The End und doch der Anfang. Weiße Schrift auf arktisweißem Styroporgrund. Justin Brice Guariglias Werk eröffnet beim Eintritt in die Ausstellung den Blick auf weiß blendende Endzeitvorstellungen. Die Ansicht prägt die Stimmung für den Rest des Rundgangs. In Kooperation mit dem NASA-Projekt „Oceans Melting Greenland“ entstanden, weist der fotografierte Eisflächenhintergrund auf die grönländische Eisschmelze, durch die stetig wärmer werdenden Ozeane, hin.

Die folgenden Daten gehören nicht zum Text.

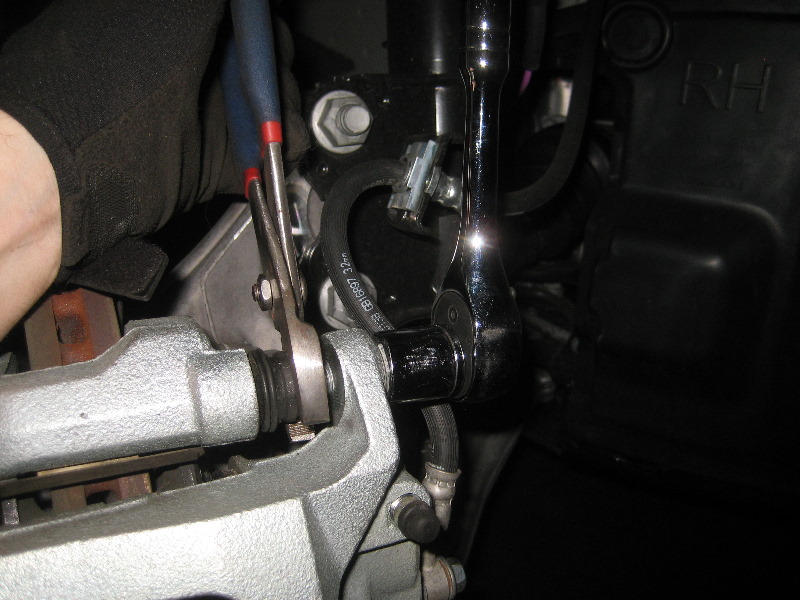 2013-2016-Nissan-Pathfinder-Front-Brake-Pads-Replacement-Guide-036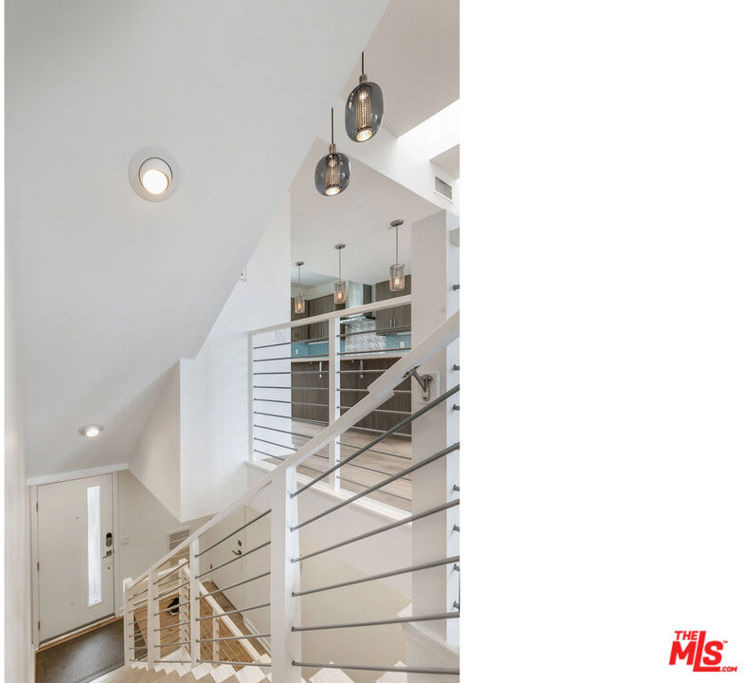 1045 Manzanita Street - Photo 3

Haltlose Bäume – von aufgetauten Permafrostböden bis zu Überschwemmungen
Der Kontrast von Kälte und Wärme, von Eis und Feuer finden die Ausstellungsbesucher*innen auch in Methane Experiment, den Fotografien von Benedikt Partenheimer. So ästhetisch wie die schwebende Flamme über der Eisfläche scheint, so bedenklich ist doch ihr Ursprung. Durch das Auftauen von mehrere tausend Jahre alten Permafrostböden entweicht CO2 und Methan – sichtbar gemacht durch das Anzünden. Die Klimaerwärmung ist dabei sowohl Ursache als auch Konsequenz. Doch tauende Permafrostböden haben auch das Einsinken von Bäumen zur Folge, die folglich ihren Halt verlieren. Drunken Trees: Fotografien abgesunkener Bäume, die in unterschiedlichen Kippwinkeln Richtung Himmel zeigen.
Dass haltlose Bäume nicht nur ein Phänomen der Permafrost-Region sind, zeigt die Arbeit von Anastasia Samoylova. Im sonnigen Miami hält die Künstlerin in ihrer Arbeit FloodZone fotografisch eine gefährdete Küstenstadt fest. Samoylova fixiert Anzeichen einer klimatisch drastischen Entwicklung. Eine städtische Scheinidylle, die zunehmend von Überschwemmungen durch den steigenden Meeresspiegel betroffen ist. Die Schnittstelle zwischen Klimaschutz und Kunst verortet Samoylova in einem Künstlerstatement des Kunst Haus Wien folgendermaßen: „I don´t think art can save the climate directly. But I know that our attention is currency and if it´s directed towards things that matter it can affect change“.
Verschwindende Gletscher – Einzelbild-Panorama des Gepatschferners
„Ich sitze hier vor dem Gepatschferner. Das ist der zweitgrößte Gletscher, den es in Österreich noch gibt […]. Ist mit einer wunderschönen Wanderung in zwei Stunden erreichbar und wird jedes Jahr um circa fünf bis zehn Meter kürzer.“ Mit diesen Worten spricht Michael Goldgruber in einem Künstlerportrait des Kunst Haus Wien über sein Werk. Talschuss: zehn Meter, 420 Einzelbilder. Von einem Punkt aus fotografiert, in künstlerischer Freiheit zu einem Panorama zusammengesetzt. „Diese Konstruiertheit interessiert mich. Genauso wie ich durch die Fragmentierung auch auf das Fragile einer Gebirgslandschaft hinweisen kann.“ Das Fehlen von Teilen und die Grenzverwischung des Panoramas scheint auf das zunehmende Verschwinden des Gletschers hinzudeuten.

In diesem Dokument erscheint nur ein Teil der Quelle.